The characters are all mostly likable, which isn’t always a given with these types of films. Often, I feel like filmmakers’ can’t resist the urge to add at least one or more douchebags for you to root against. This is a double-edged sword. Look no further than the Saw franchise and you’ll understand why, but sometimes, rather than making me hate a character, I found that they tended to be over-the-top or to effectively detriment every scene they are a part of. This film doesn’t do that, and that’s something I appreciate. Although characters make boneheaded decisions on occasion, all of them are usually rooted in good intent.
The Escape Rooms themselves leave a lot to be desired. I can’t say I remembered being invested in the setups of the previous film, but I can say that I feel I should feel invested in the setups. Every escape room feels increasingly convoluted and more nonsensical, making it where I, at best, have a vague understanding of what’s happening, and, at worst, am watching a bunch of chickens run around with their heads cut off.
The issue with a lot of these films is that they can have a really neat setting, but struggle to make it mean something on a cinematic level. It can look nice and have attention-to-detail, but unless you can make it engaging and coherent for the audience, it won’t measure up to whatever I had imagined in my head. This film feels like that, where it has a lot of ideas that may’ve seemed cool in-theory, but they aren’t brought together for the film itself. There’re lasers, acid rain, and other ideas, but the solutions and how you survive all feel thrown together, mind-boggling, and ham-fisted.

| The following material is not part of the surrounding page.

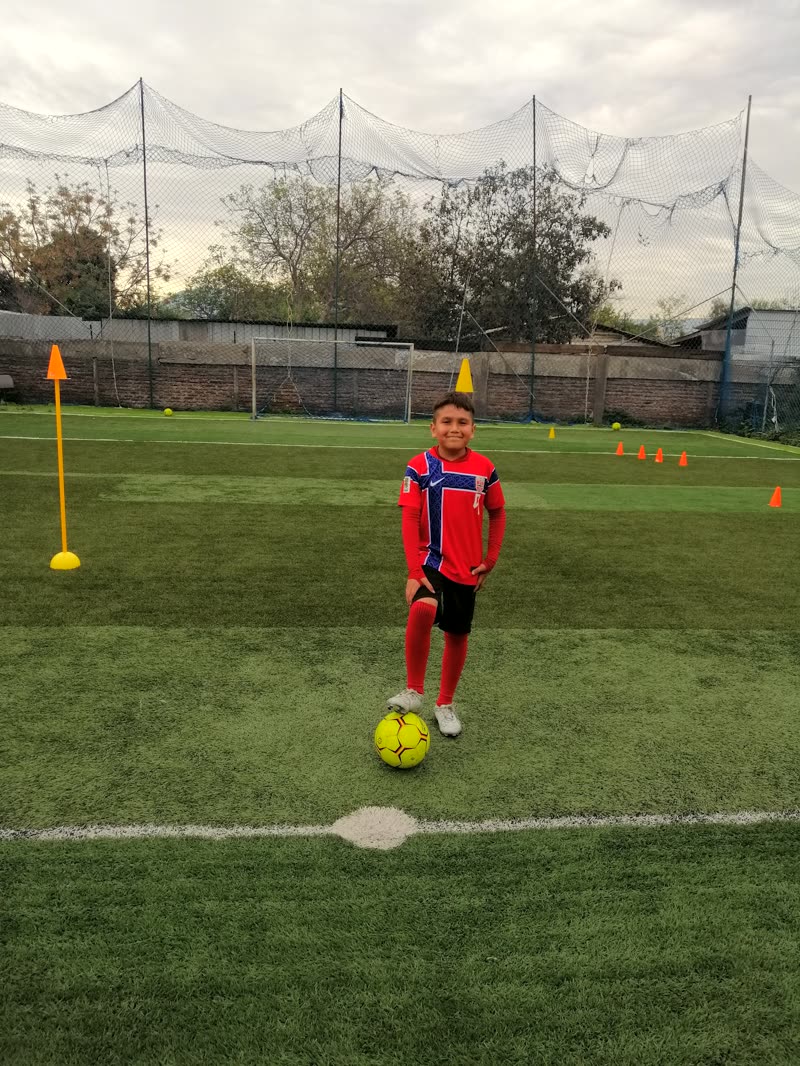 Alumno con camiseta roja preparado con el balón frente a los conos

This is a high-concept film. What I mean when I say that is, for the most part, it is built around the idea of being entrapped in escape rooms more than it is about characters, their backstories, or their motivations. The difference between this and Saw is, beyond the traps, at the core, that film series is about John Kramer and the tangled web he weaved, his motivations, and the backstories of the characters (whether you like those aspects or not). Something I’ve learned through all the different films that’ve taken their spin on the subgenre is that they so often don’t have a compelling explanation for how the sausage is made, so to speak.
This film has an evil corporation called Minos, which is meant to feel mysterious and all powerful, but the more you peel back the curtain on that, you realize the film series doesn’t have anything interesting or new to say about an evil, mysterious, all powerful corporation. That’s why a film like 13 Sins works better, because it doesn’t try to explain the unexplainable, realizing that unless you have a particularly unique idea (like Squid Game), the unknown will be more effective, and you can focus more on the high-concept aspect, be it the games, or, in this case, the escape rooms.

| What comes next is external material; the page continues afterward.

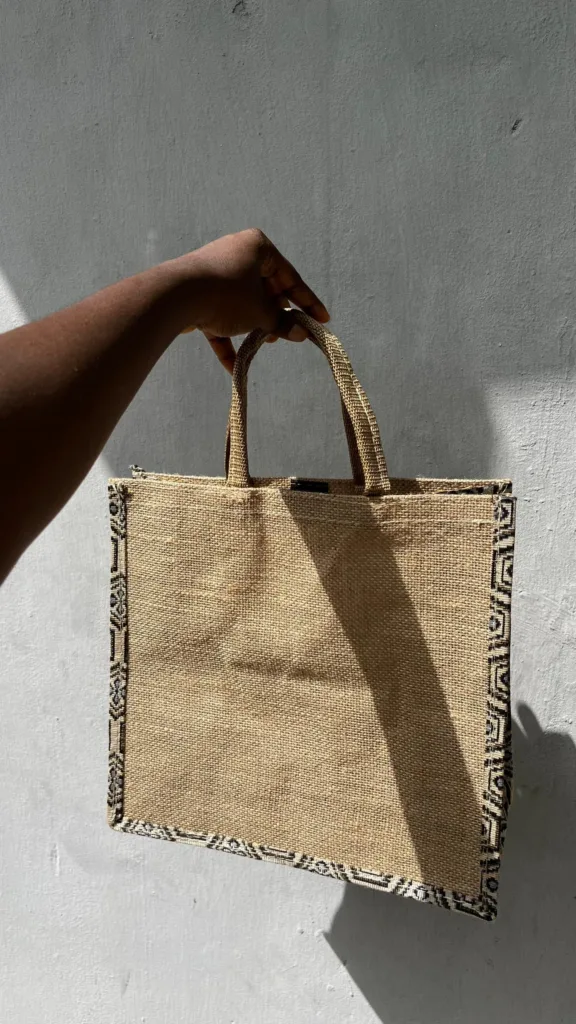 Small branded jute tote bag, commonly used as a durable souvenir or gift bag in Nigeria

Similar to the original Escape Room, Tournament of Champions feels like a gateway drug into the harder stuff, with little violence and a glossier, more store-bought cinematography and aesthetic. For retreading itself, which in itself, was a retread of familiar tropes of the subgenre, the sequel is inferior to the original film.
All the same, it remains a satiable, forgettable popcorn horror film, warranting no strong reaction one way or the other. See it or don’t. It doesn’t matter. We won’t talk about it again. I rented this film for $0.99 on Vudu, and that’s about what I’d recommend topping out on for this film.